The bottom wall 204b is secured to the end on the end wall 104c side in the cylinder body 104a with bolts (see FIGS. 3, 5, and 6). Accordingly, in the completed state of the driving device 3 as illustrated in FIG. 10, one principal surface 204d of the bottom wall 204b faces the end wall 104c of the motor housing portion 100. On the other principal surface 204e of the bottom wall 204b, as illustrated in FIGS. 7 and 9, a depressed portion 204f is formed. The depressed portion 204f is depressed toward the side apart from the opening portion 204a, that is, the principal surface 204d side. The long side of the depressed portion 204f extends along the Y-axis direction.

As illustrated in FIG. 9, the bottom wall 204b has flow passages 204g and 204h where a cooling liquid circulates. The flow passages 204g and 204h are formed inside the wall of the bottom wall 204b, and extend along the Y-axis direction.

One end of the flow passage 204g is communicated with the region on one end side of the depressed portion 204f in the Y-axis direction. As illustrated in FIGS. 3, 5, and 8, the other end of the flow passage 204g couples to the flow passage 104g in the completed state of the driving device 3. One end of the flow passage 204h is communicated with the region on the other end side of the depressed portion 204f in the Y-axis direction. As illustrated in FIGS. 4 and 6, the other end of the flow passage 204h couples to a cooling pipe CP2 in the completed state of the driving device 3.

On the bottom wall 204b, through-holes H7 and H8 are formed. The through-hole H7, the depressed portion 204f, and the through-hole H8 are arranged in this order in the Z-axis direction. Accordingly, the depressed portion 204f is positioned between the through-hole H7 and the through-hole H8. The through-hole H7 is positioned biased to the inverter housing portion 300 relative to the depressed portion 204f. The through-hole 118 is positioned on the side apart from the inverter housing portion 300 relative to the depressed portion 204f.

In the completed state of the driving device 3, as illustrated in FIG. 7, the through-hole H7 faces and is communicated with the through-hole H4 of the motor housing portion 100. These through-holes H4 and H7 allow insertion of the terminals TU3, TV3, and TW3 (see FIG. 2) drawn from the end E2 side of the motor shaft 14d in the motor 14. The tips of the terminals TU3, TV3, and TW3 are drawn to the inside of the housing case 202.

In the completed state of the driving device 3, as illustrated in FIG. 7, the through-hole H8 faces and is communicated with the through-hole H5 of the motor housing portion 100. These through-holes H5 and H8 allow insertion of the te minals TU4, TV4, and TW4 (see FIG. 2) drawn from the end E2 side of the motor shaft 14d in the motor 14. The tips of the terminals TU4, TV4, and TW4 are drawn to the inside of the housing case 202.

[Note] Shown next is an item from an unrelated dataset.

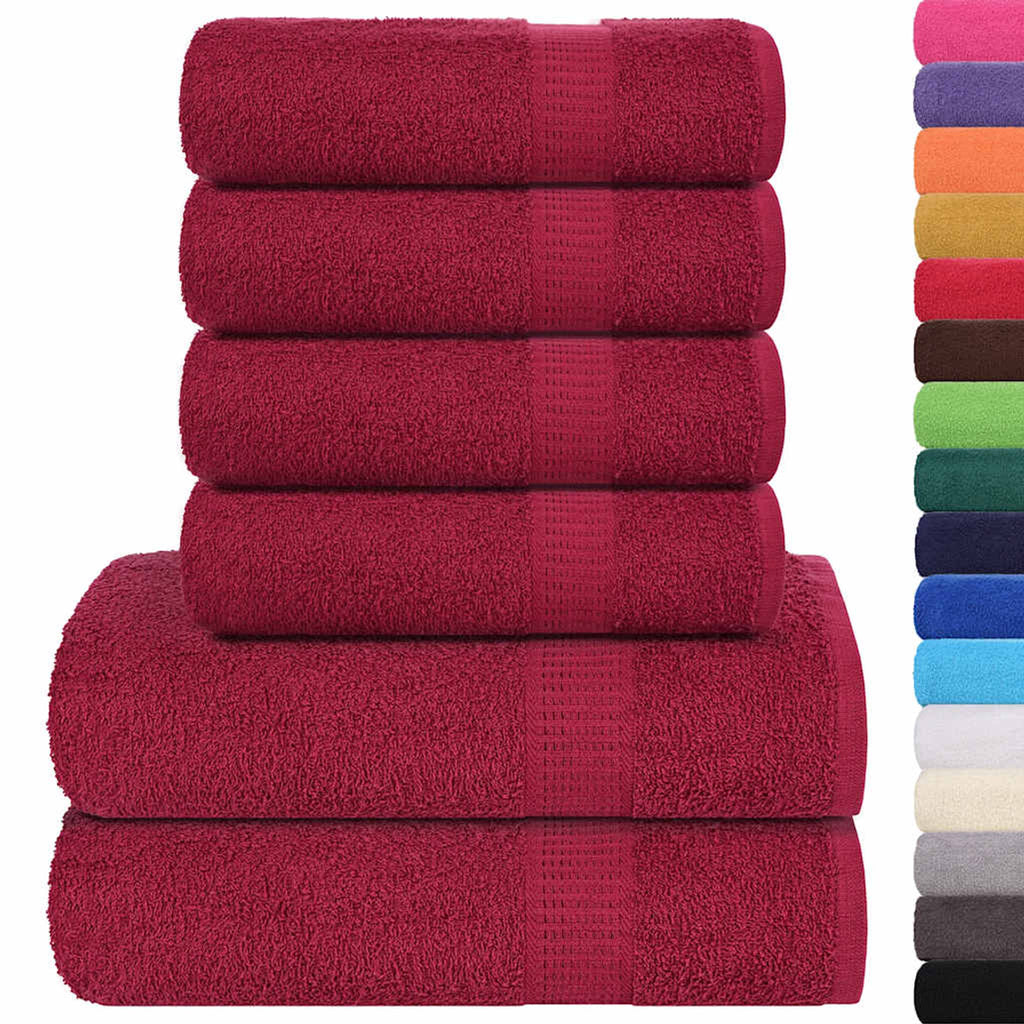Towel Cotton Bordeaux 50 x 100 cm Bathroom Bath Linen Home Bath Towels 6 Piece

As illustrated in FIGS. 8 and 9, the winding-wire switcher 16 is secured to the bottom wall 204b with bolts (not illustrated). As illustrated in FIG. 10, the winding-wire switcher 16 includes a flat plate-shaped circuit main body portion 16a and fins 16b. In this embodiment, the circuit main body portion 16a and the fins 16b are integrated. However, these need not be integrated. Alternatively, in the winding-wire switcher 16, the circuit main body portion 16a may be integrally coupled to (modularized with) the heat sink having the fins 16b. That is, the water cooling system for the circuit main body portion 16a (the winding-wire switcher 16) may be a direct water cooling system or an indirect water cooling system.

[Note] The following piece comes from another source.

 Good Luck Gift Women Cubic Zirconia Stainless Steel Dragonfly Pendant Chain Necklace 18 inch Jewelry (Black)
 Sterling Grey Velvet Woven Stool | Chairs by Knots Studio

The circuit main body portion 16a incorporates the above-described winding-wire switching circuit. The circuit main body portion 16a is coupled to the connector 110 by the winding-wire switching signal line SG2. On one principal surface 16c of the circuit main body portion 16a, as illustrated in FIG. 9, three terminals TU5, TV5, and TW5 and three terminals TU6, TV6, and TW6 are arranged along the Y-axis direction.

The terminals TU5, TV5, and TW5 are positioned biased to the inverter housing portion 300 on the peripheral edge of the circuit main body portion 16a. The terminals TU5, TV5, and TW5 are electrically and physically coupled to the respective tips of the terminals TU3, TV3, and TW3 with bolts (not illustrated). The terminals TU6, TV6, and TW6 are positioned on the side apart from the inverter housing portion 300 on the peripheral edge of the circuit main body portion 16a. The terminals TU6, TV6, and TW6 are electrically and physically coupled to the respective tips of the terminals TU4, TV4, and TW4 with bolts (not illustrated).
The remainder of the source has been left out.